Rita shrinks against the back wall of the furnicar, as far from the Wardens as possible. She’s muttering under her breath, the words indiscernible but her confusion and fear chilling my heart. Her face blanches paper white and tears course down her cheeks.

We will all be punished for breaking the rules. But I have to try. “Go, you guys.”
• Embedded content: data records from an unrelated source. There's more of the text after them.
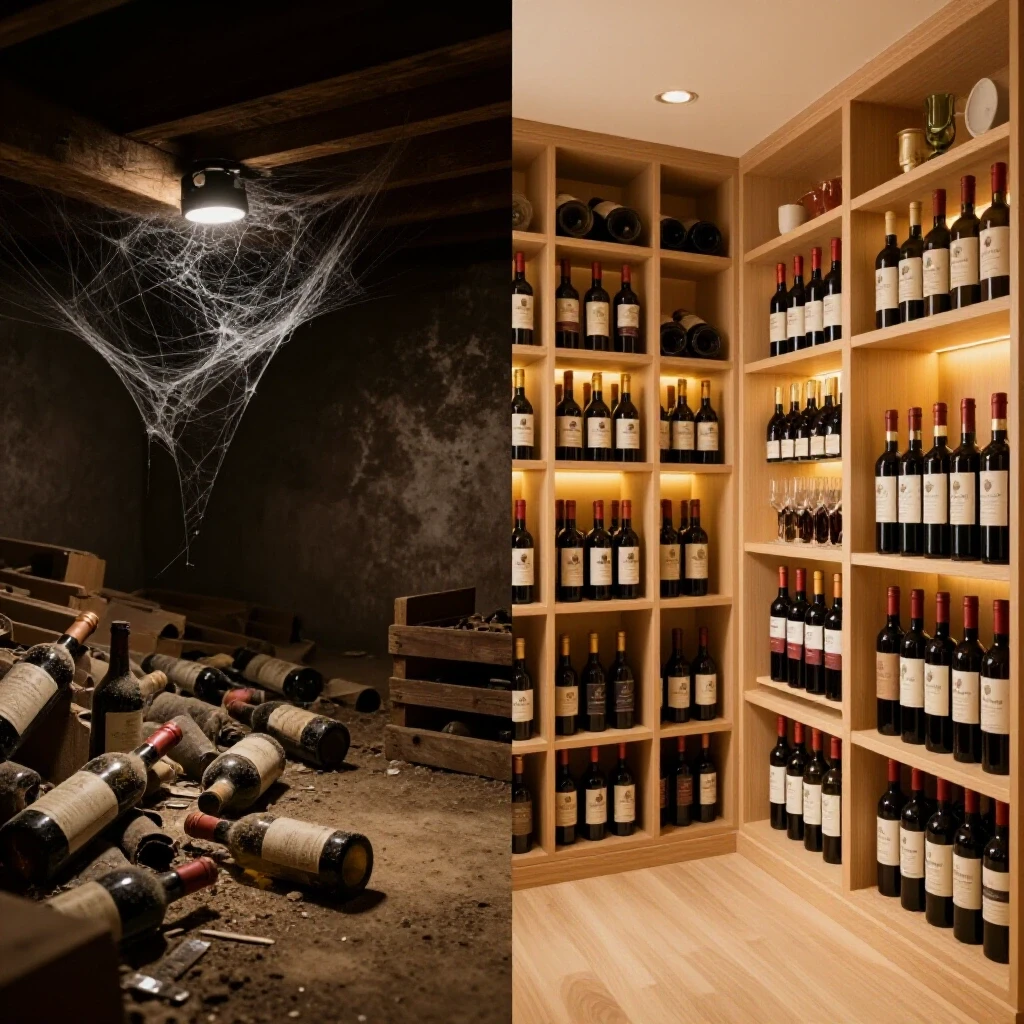A split-image showing a chaotic basement filled with dusty bottles contrasted with a bright, organized wine cellar showcasing elegant decor.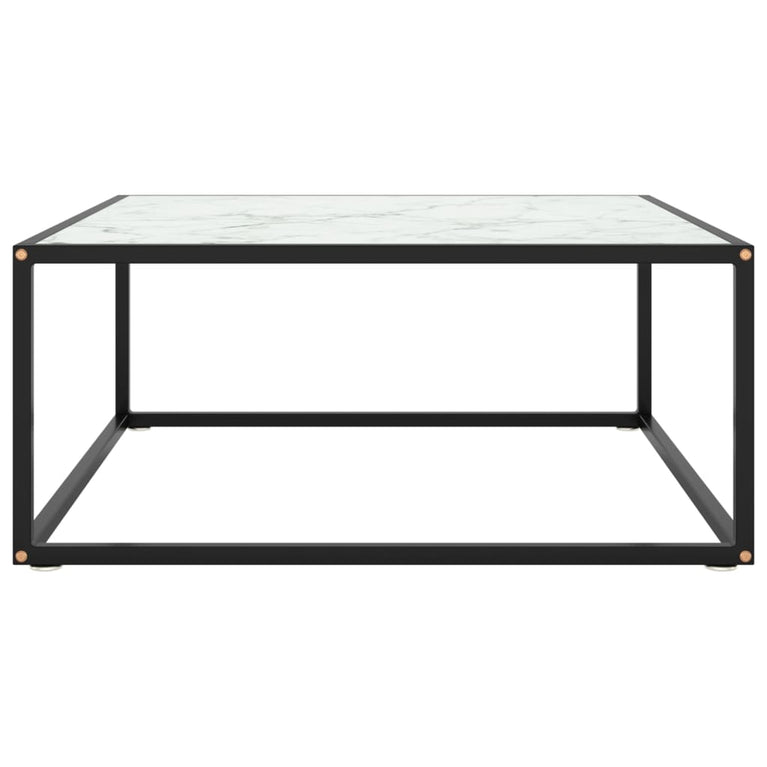 Salontafel met wit marmerglas 80x80x35 cm zwart MeubelReus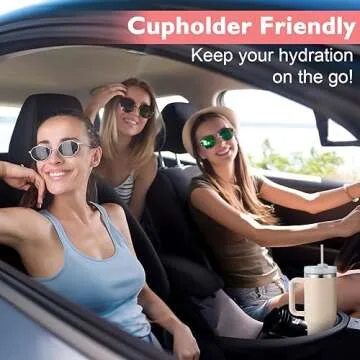 Ochapa 40 oz Tumbler with Handle Straw Lid Insulated Stainless Steel Vacuum Reusable Keep Drinks Cold Coffee Cup Holder Friendly Gifts for Valentine's Day Women Lover Car Gym Travel, Pink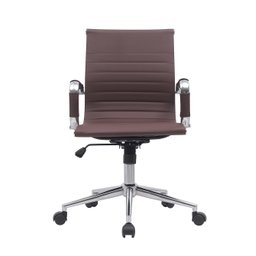 Kit 8 Cadeiras de Escritório Diretor Eames em Couro - Café - 3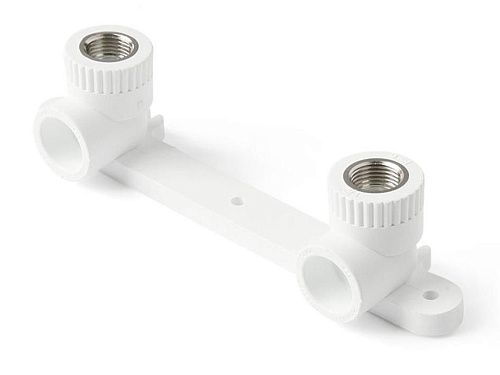 Угольник PP-R двойной ВР 20-1/2" с креплением комбинированный (белый) PROAQUA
Three pairs of eyes slide from our uninvited guests to me. I nod. Emmy and Reese step around Lucas and me, then through the pack of Wardens, untouched. Rita seems frozen. Leah doesn’t move. I’m falling in love with that girl as much as Pax seems to be, I think, but it’s more than that. More than her bravery or her desire to see this thing through to the end.

She’s witnessed what happens when we leave people behind, and she knows the fear of wondering whether or not she’ll ever see us again. She cares about me, I think, as a friend. She and Lucas have a past, and maybe in a different lifetime, she and Pax could have a future.

Her eyes grab mine, holding a question, and nothing in me has the will to tell her again to go. She’s with us now, for better or worse. “So, what happens now?”

“The Prime has been summoned to deal with your plotting and transgressions. We will escort you to him.” Carrej steps to my side, wrapping rough hands tight around my arm.

I wince at the sharp pain of his grip but he only grins, ripping me from Lucas’s side and out of the tent. Rita’s sobs turn loud. Leah cries out; I imagine she’s enduring similar treatment. Neither of the boys utters a sound, but after another ten seconds we’re all together in the pathway.

“Stop crying,” one of the Wardens barks at Rita, who’s being dragged a few paces in front of me.

She can’t seem to make her feet work, and the Warden’s rough treatment elicits sobs that spike every couple of seconds into shrieks. He heaves a heavy sigh when she won’t—or can’t—obey his command to calm down.